::: Data to examine :::

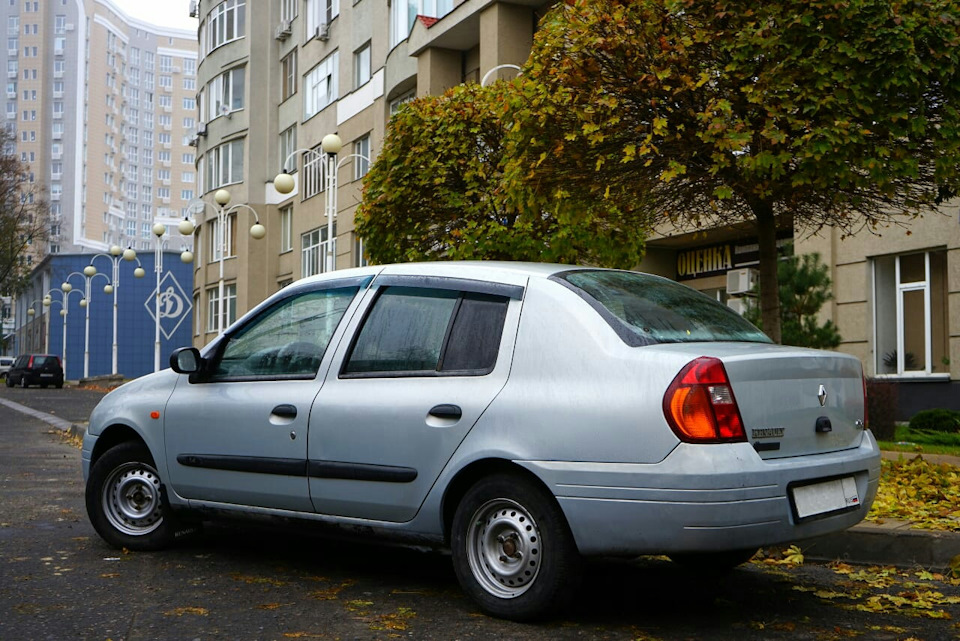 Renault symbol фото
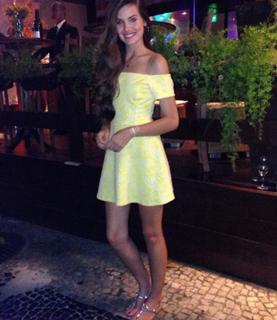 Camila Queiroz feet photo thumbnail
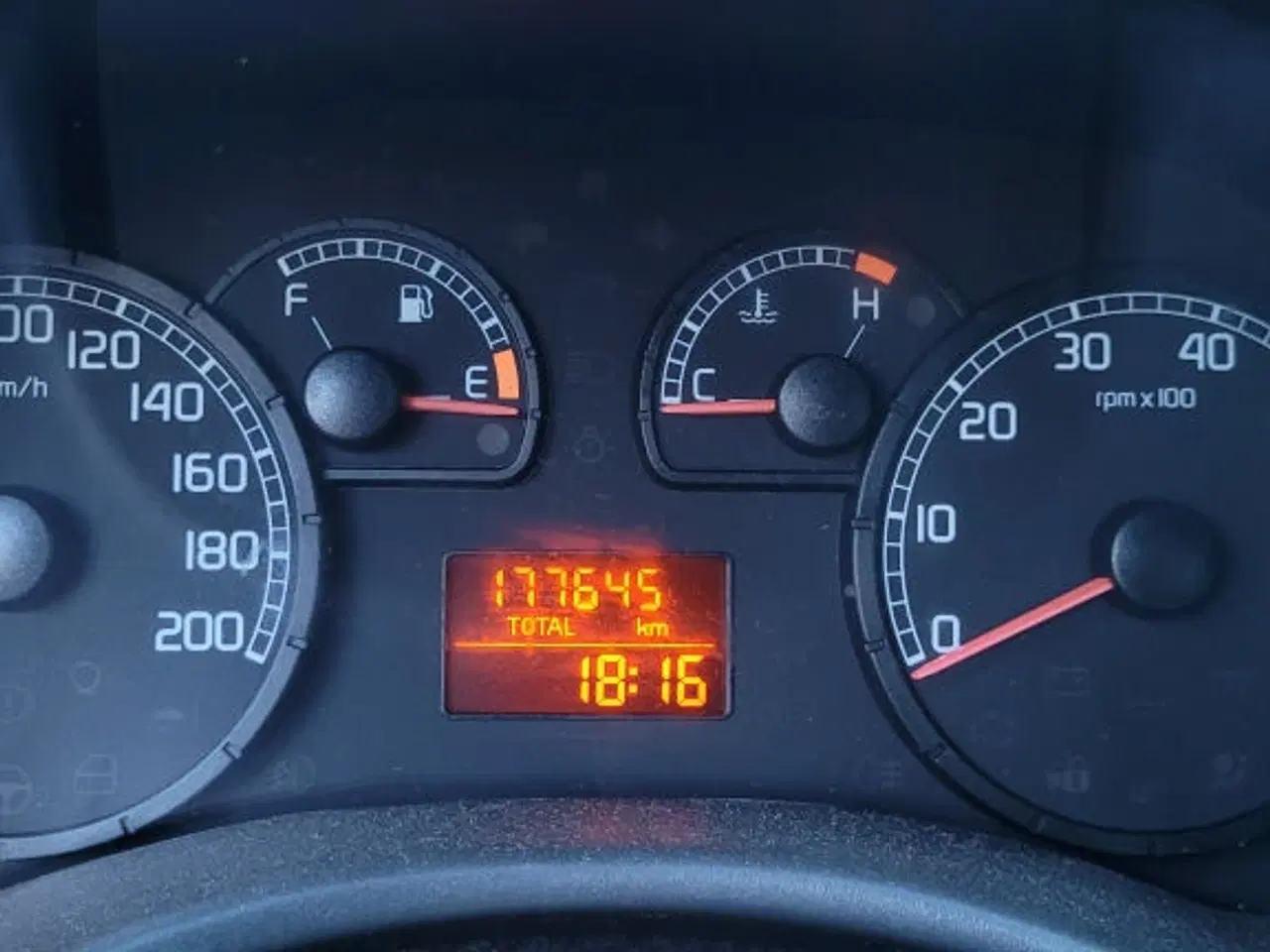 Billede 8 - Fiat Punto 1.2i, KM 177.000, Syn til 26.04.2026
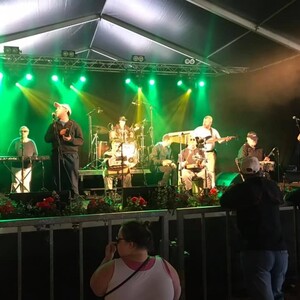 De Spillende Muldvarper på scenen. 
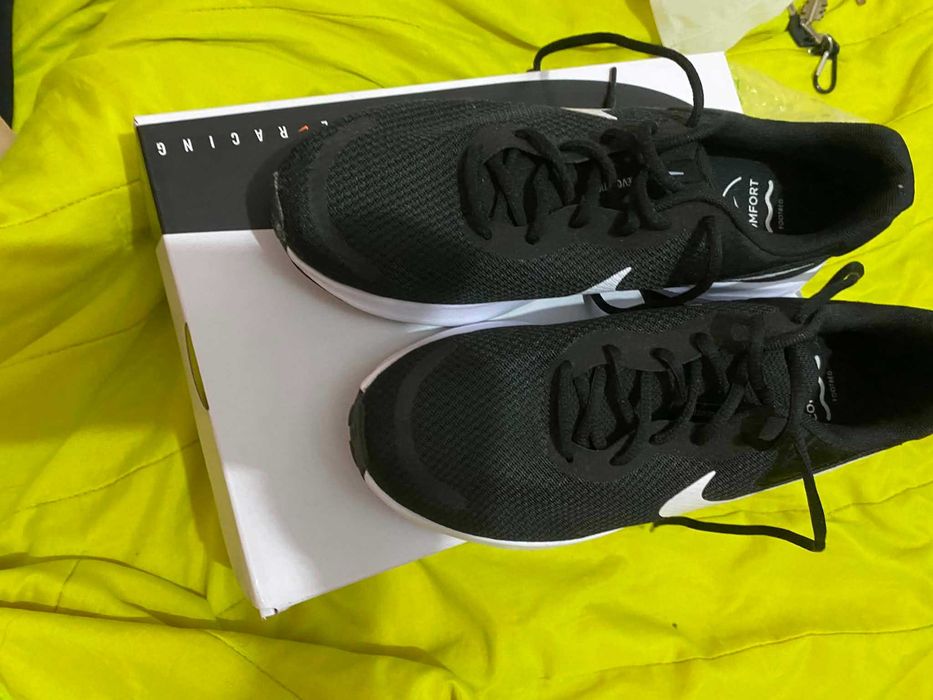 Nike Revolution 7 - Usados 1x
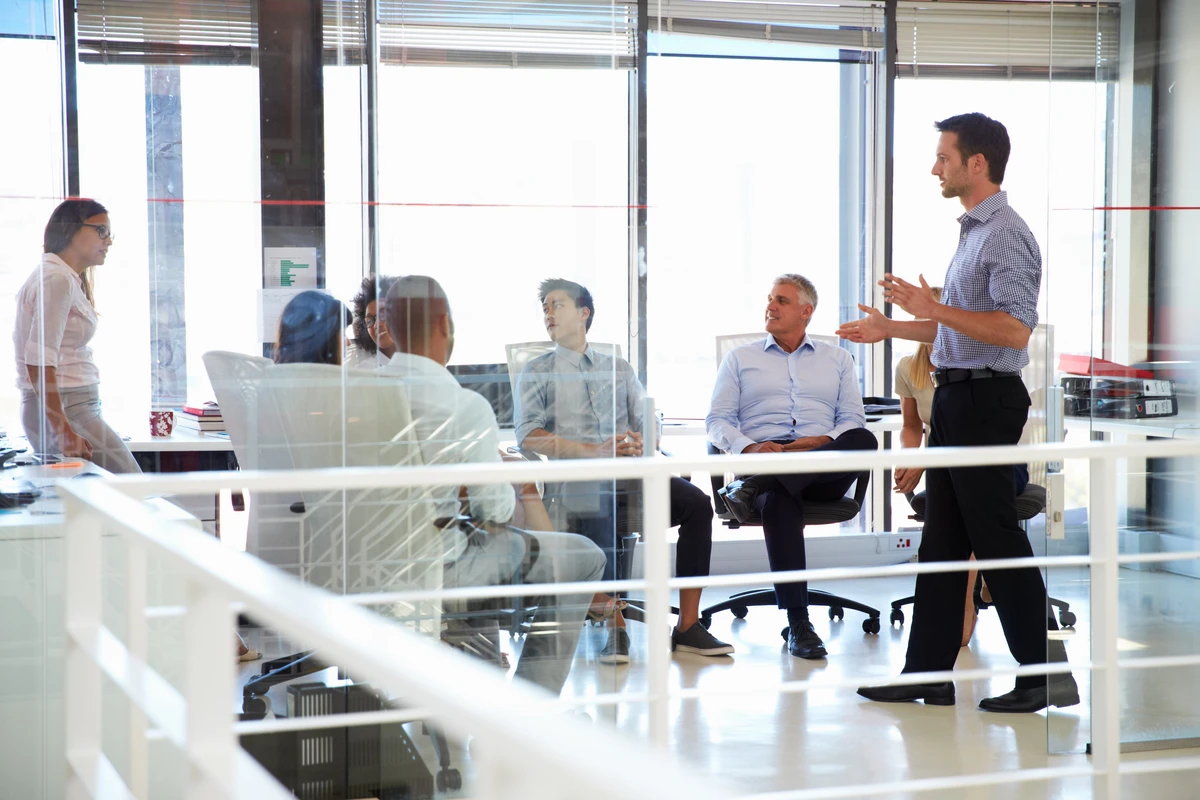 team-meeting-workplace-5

:::

_Exercise brief_:
Only one thing is required: an exact printout of the lines from the line containing "Camila Queiroz feet photo thumbnail" through the last line of the records, pictures excluded.

_Exercise solution_:
 Camila Queiroz feet photo thumbnail
 Billede 8 - Fiat Punto 1.2i, KM 177.000, Syn til 26.04.2026
 De Spillende Muldvarper på scenen. 
 Nike Revolution 7 - Usados 1x
 team-meeting-workplace-5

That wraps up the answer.